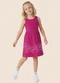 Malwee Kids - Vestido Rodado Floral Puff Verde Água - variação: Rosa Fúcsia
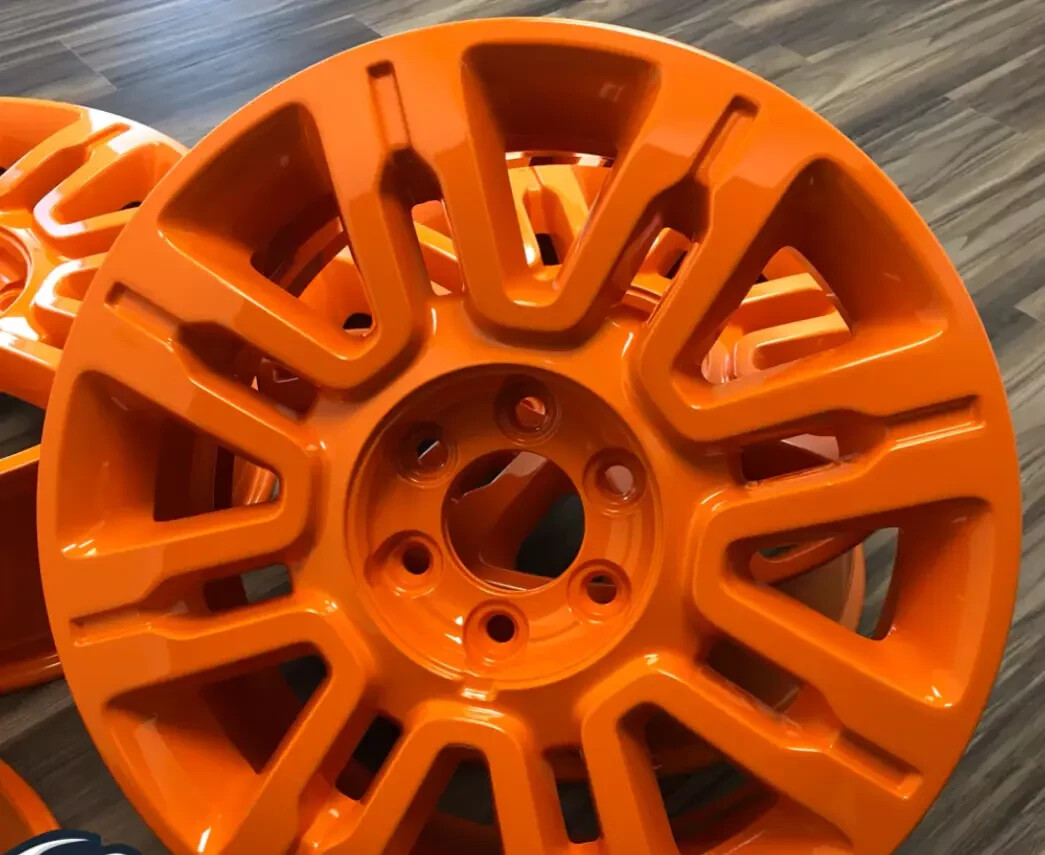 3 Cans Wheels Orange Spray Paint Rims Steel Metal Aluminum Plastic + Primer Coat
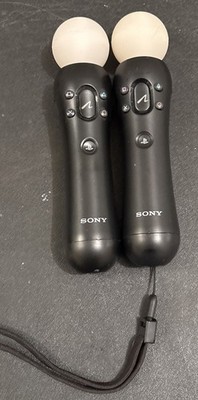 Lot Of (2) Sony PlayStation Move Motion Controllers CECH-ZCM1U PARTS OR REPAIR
= = = = =
Exclude the pictures. Write out the remaining data exactly.

• Result of this exercise:
 Malwee Kids - Vestido Rodado Floral Puff Verde Água - variação: Rosa Fúcsia
 3 Cans Wheels Orange Spray Paint Rims Steel Metal Aluminum Plastic + Primer Coat
 Lot Of (2) Sony PlayStation Move Motion Controllers CECH-ZCM1U PARTS OR REPAIR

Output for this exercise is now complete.